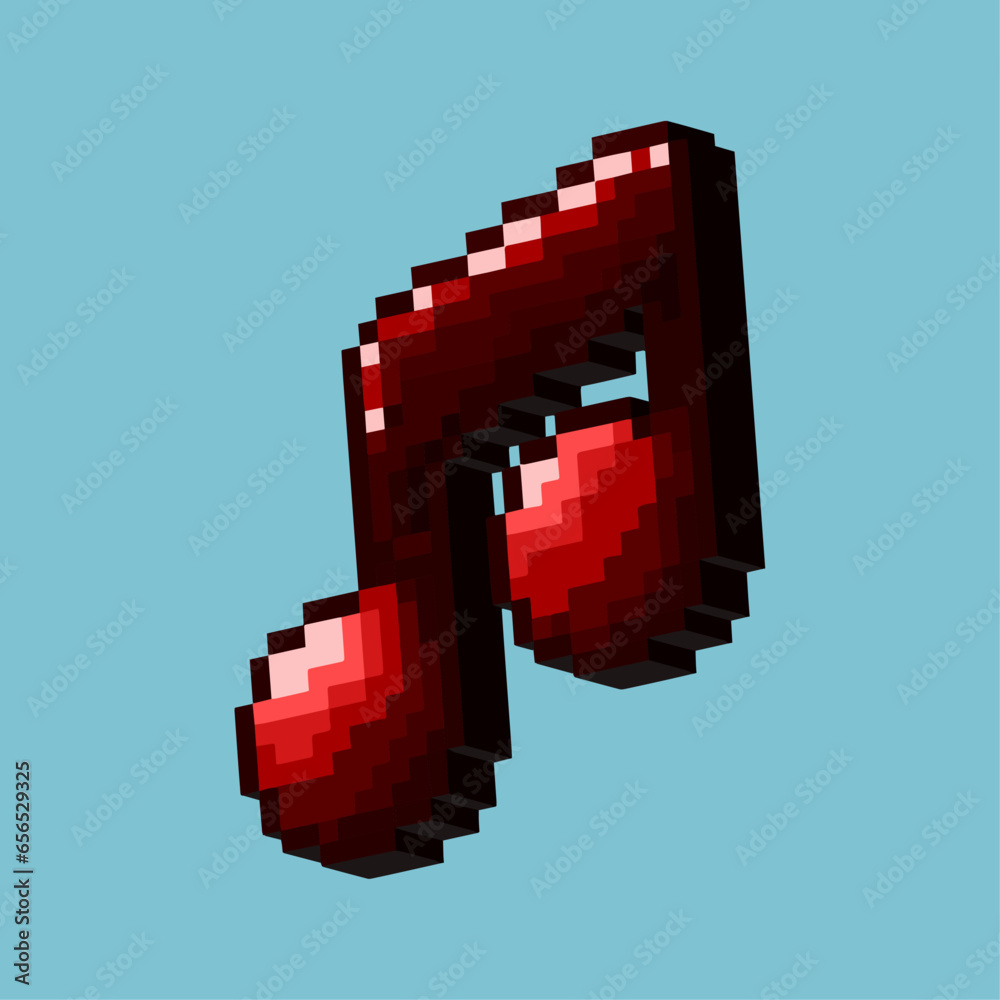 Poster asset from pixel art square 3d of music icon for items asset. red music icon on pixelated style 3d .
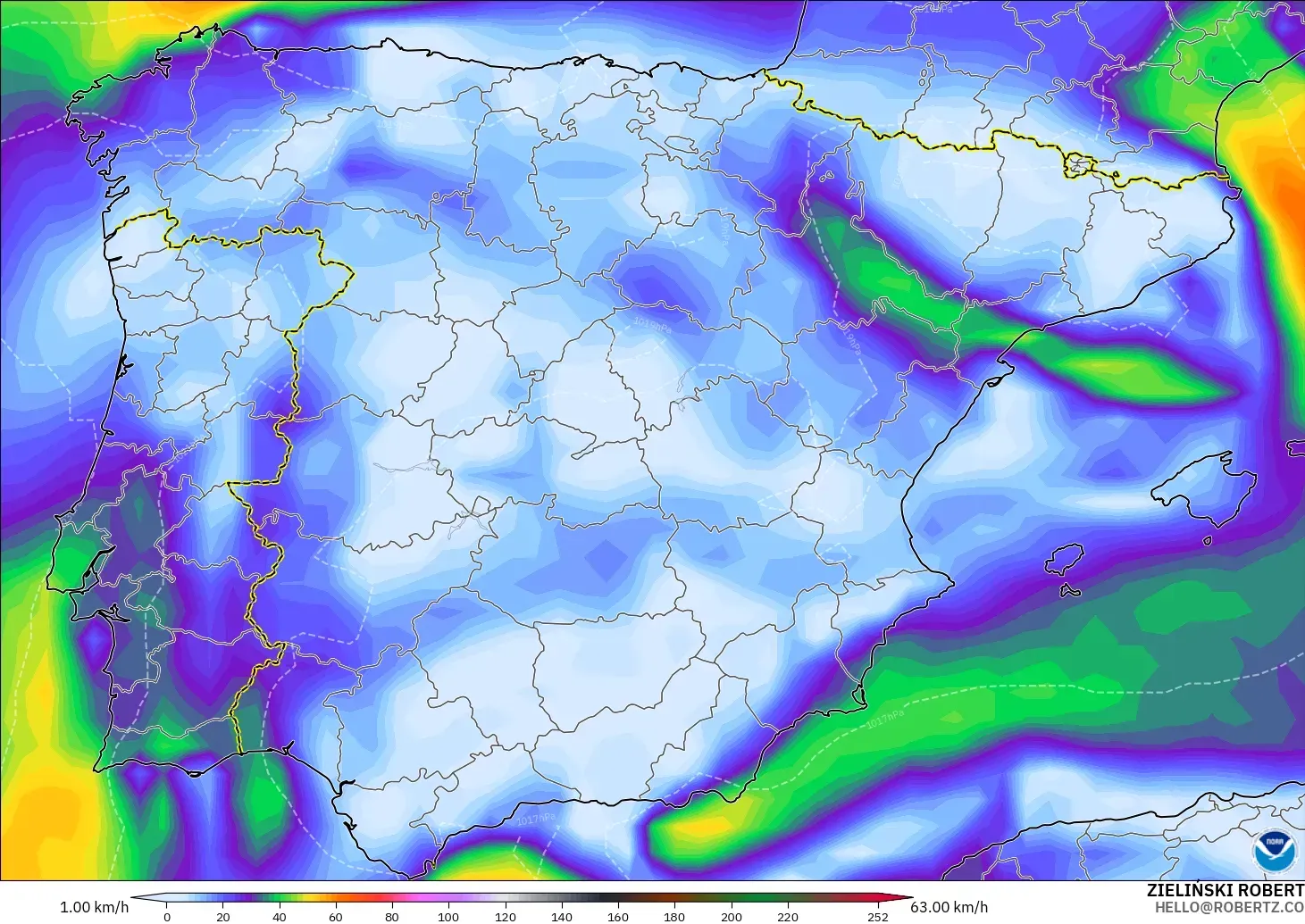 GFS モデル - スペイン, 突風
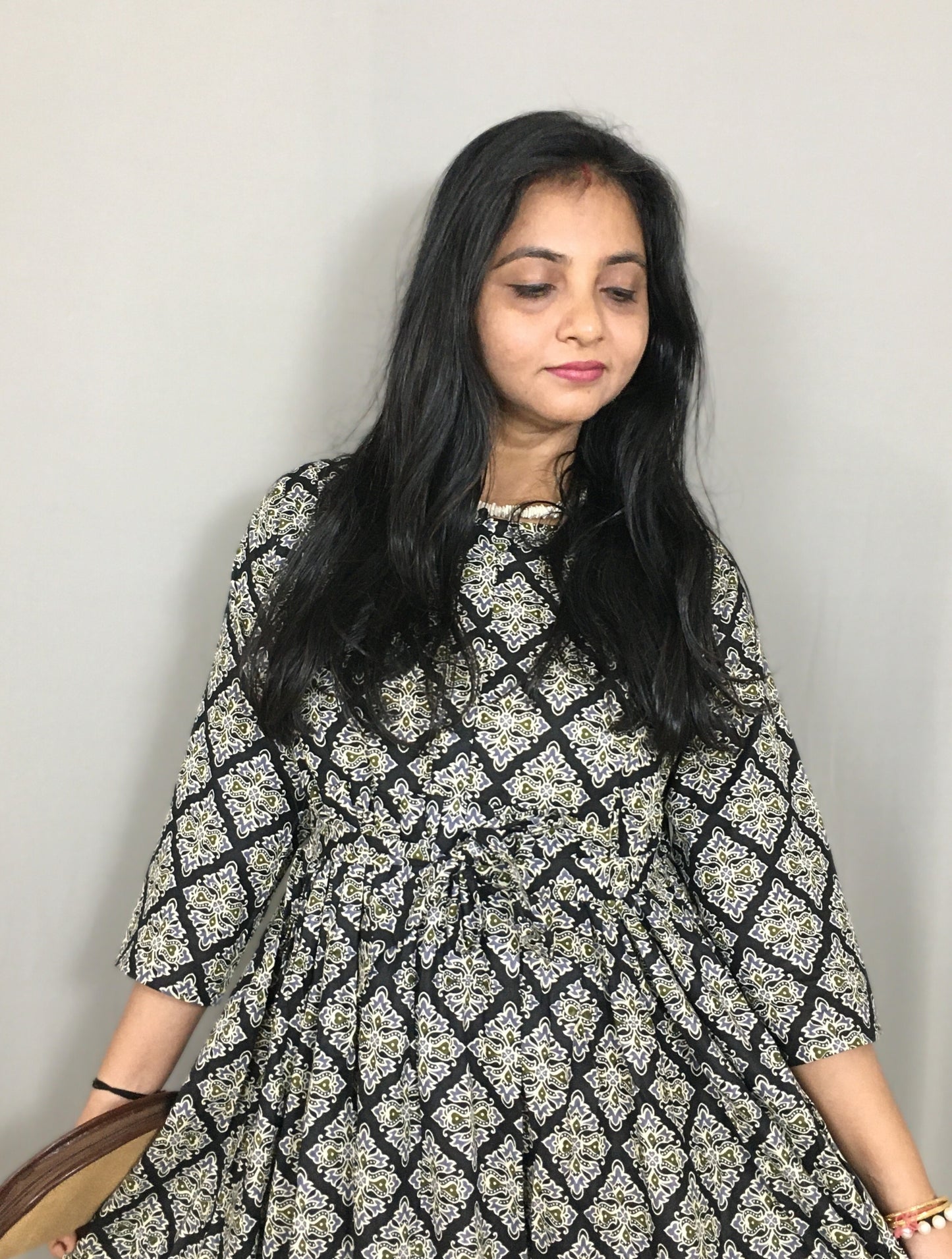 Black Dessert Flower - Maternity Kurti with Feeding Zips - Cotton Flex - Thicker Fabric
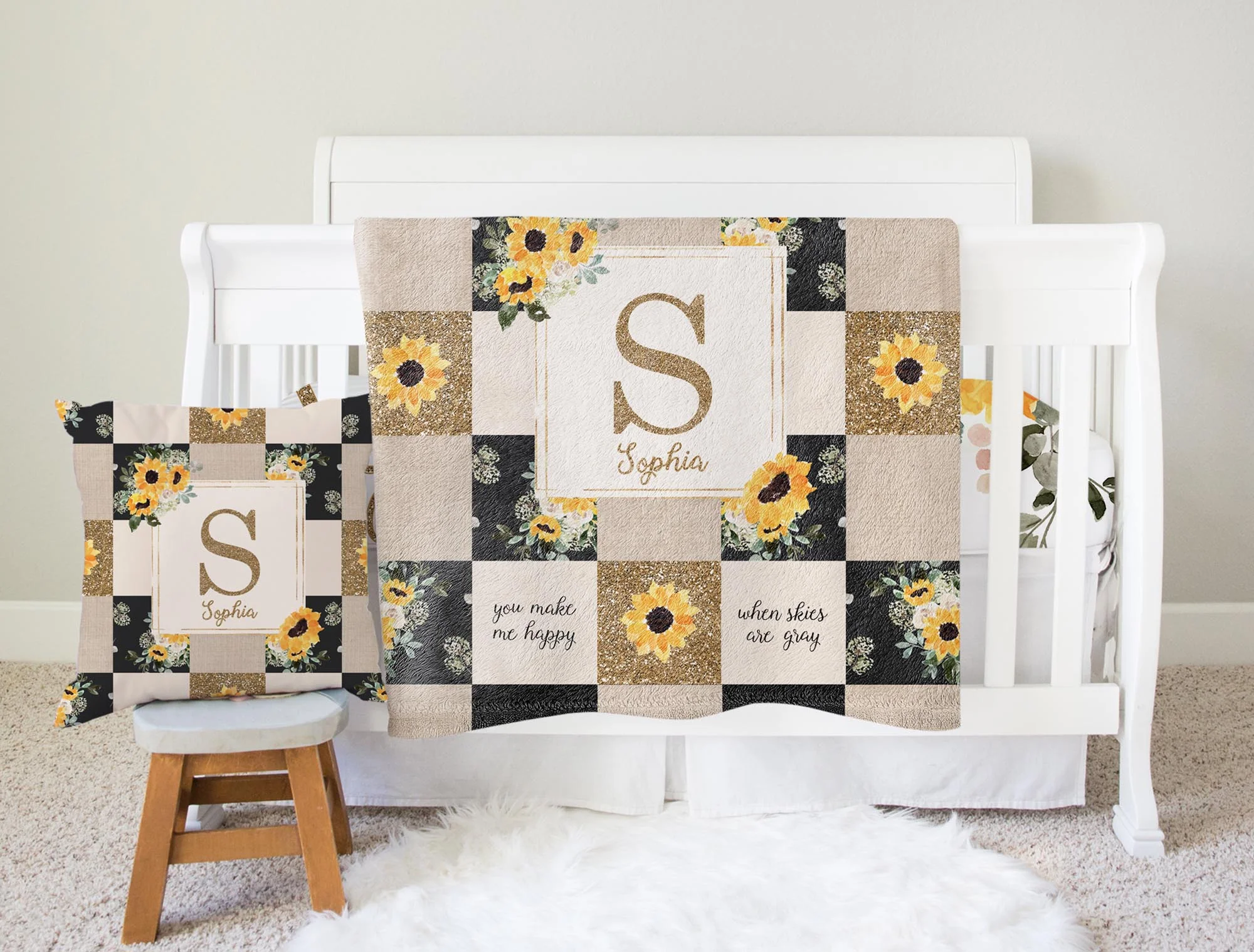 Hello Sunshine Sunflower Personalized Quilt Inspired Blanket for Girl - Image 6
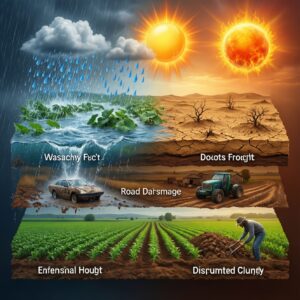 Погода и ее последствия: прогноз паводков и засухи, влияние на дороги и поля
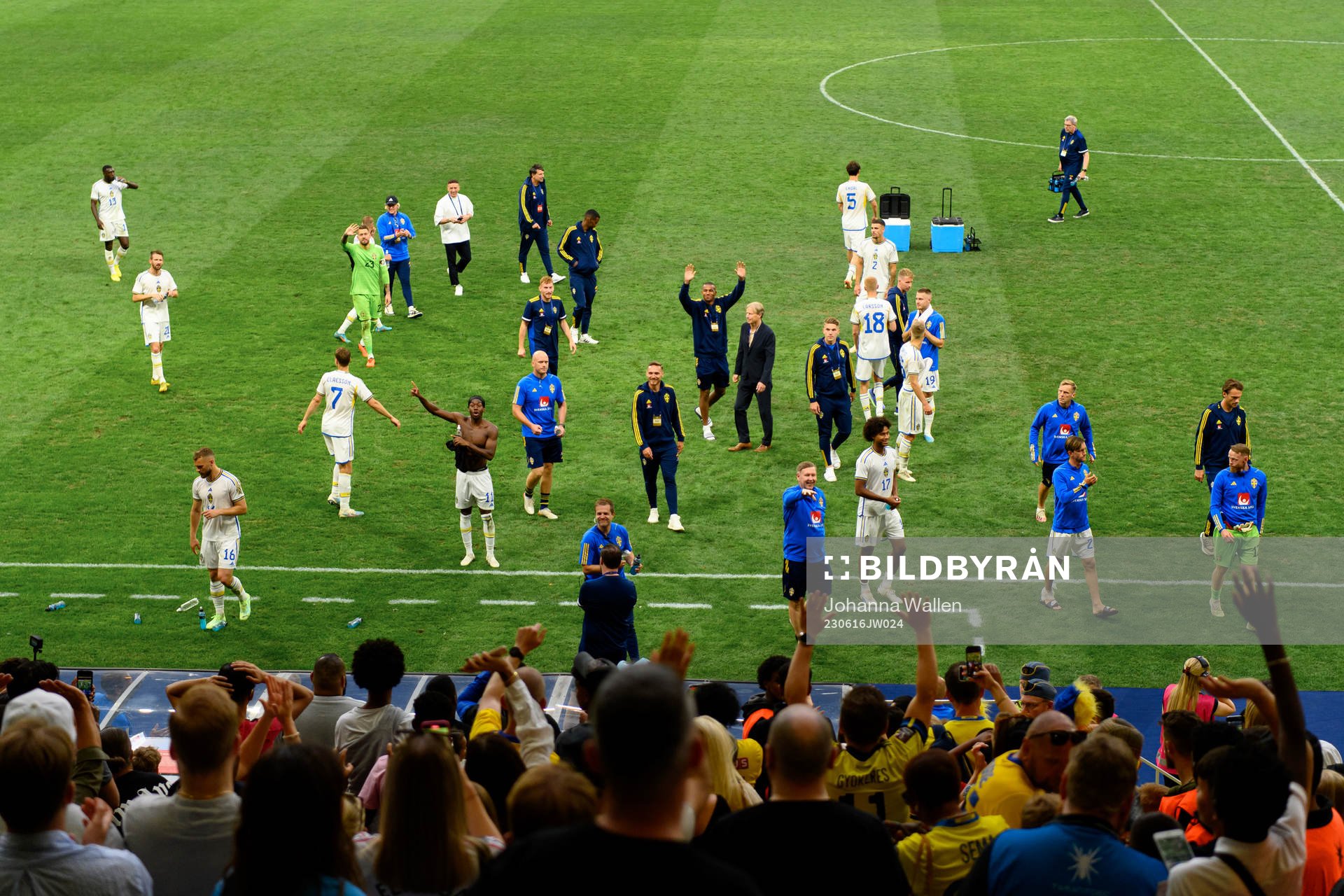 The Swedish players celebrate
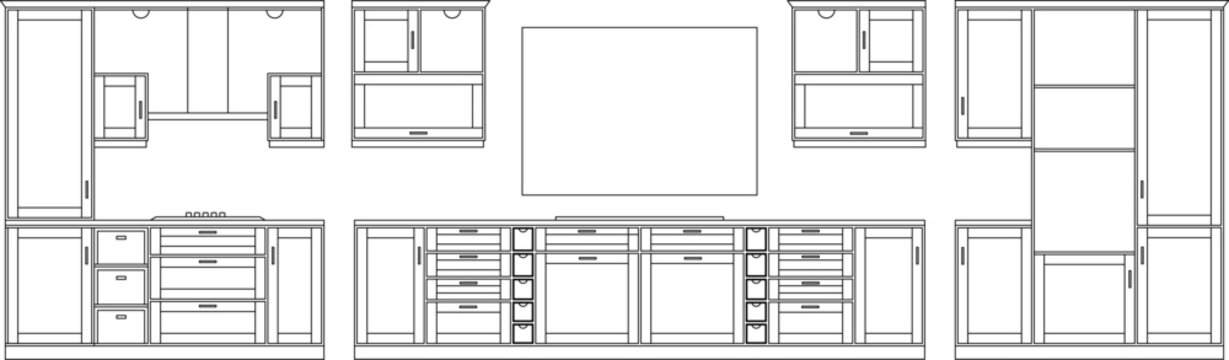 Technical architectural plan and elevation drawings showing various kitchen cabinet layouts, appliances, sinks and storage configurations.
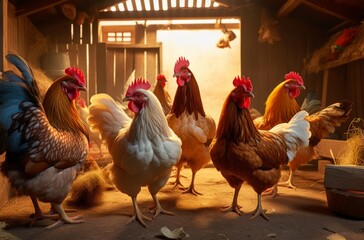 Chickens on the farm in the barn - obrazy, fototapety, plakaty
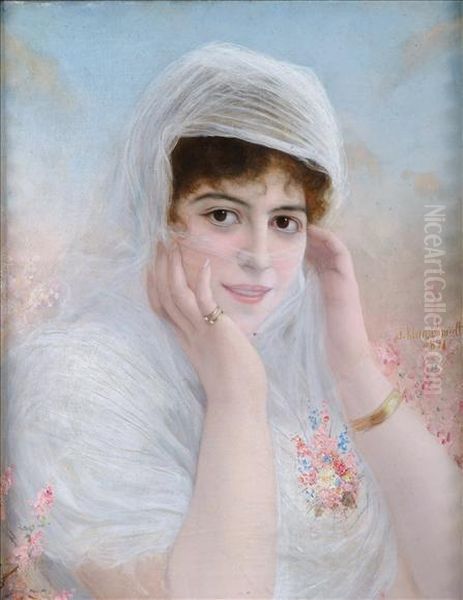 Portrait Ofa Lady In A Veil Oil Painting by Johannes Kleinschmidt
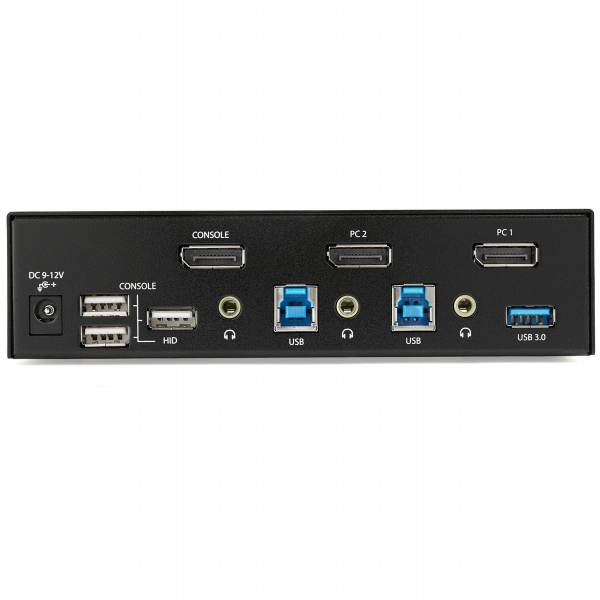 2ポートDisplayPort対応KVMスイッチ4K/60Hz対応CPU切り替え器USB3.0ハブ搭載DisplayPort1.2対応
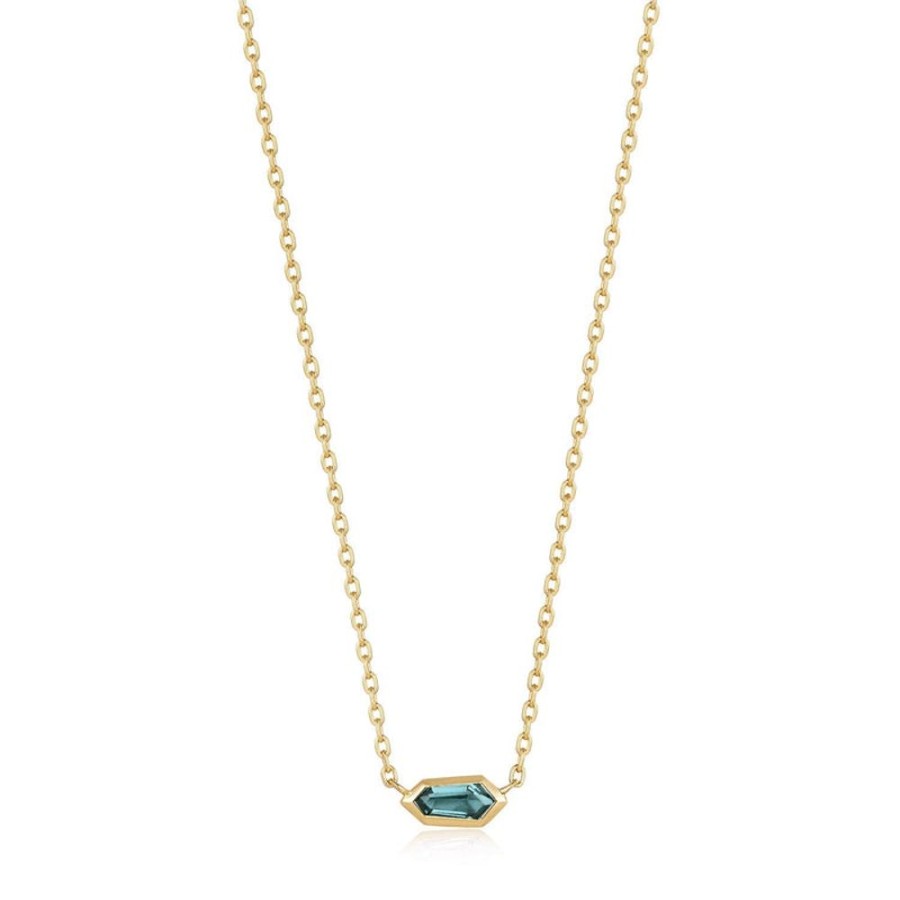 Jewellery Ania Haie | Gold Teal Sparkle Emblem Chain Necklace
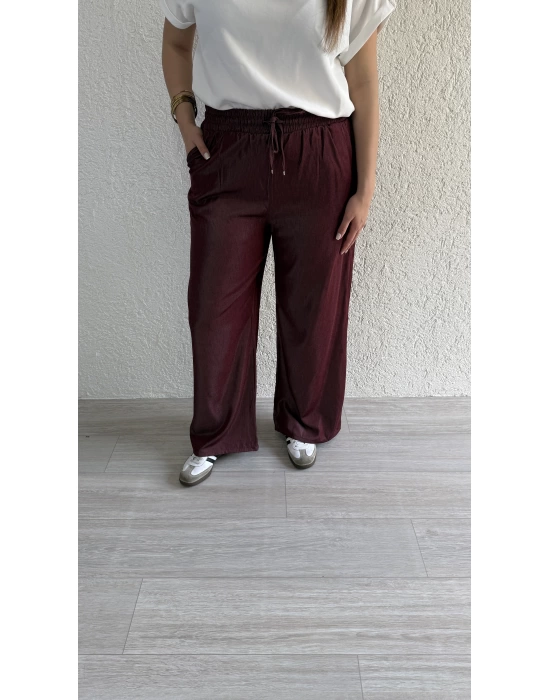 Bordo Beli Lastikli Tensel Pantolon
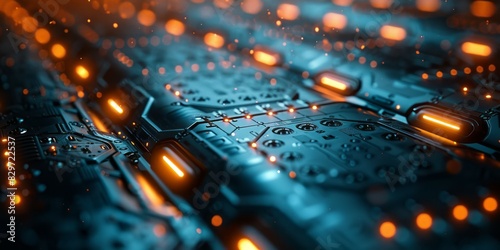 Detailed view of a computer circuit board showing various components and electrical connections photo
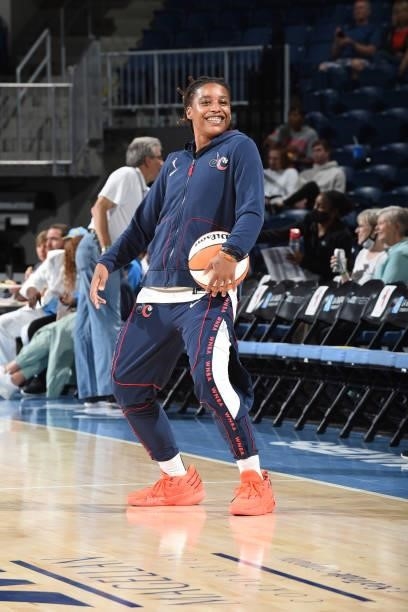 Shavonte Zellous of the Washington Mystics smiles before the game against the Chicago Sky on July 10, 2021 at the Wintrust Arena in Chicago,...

Directions
Write out exactly the lines running from the one with "Jewellery Ania Haie" through the end of the material, both ends included, while leaving the pictures out.

Response below
 Jewellery Ania Haie | Gold Teal Sparkle Emblem Chain Necklace
 Bordo Beli Lastikli Tensel Pantolon
 Detailed view of a computer circuit board showing various components and electrical connections photo
 Shavonte Zellous of the Washington Mystics smiles before the game against the Chicago Sky on July 10, 2021 at the Wintrust Arena in Chicago,...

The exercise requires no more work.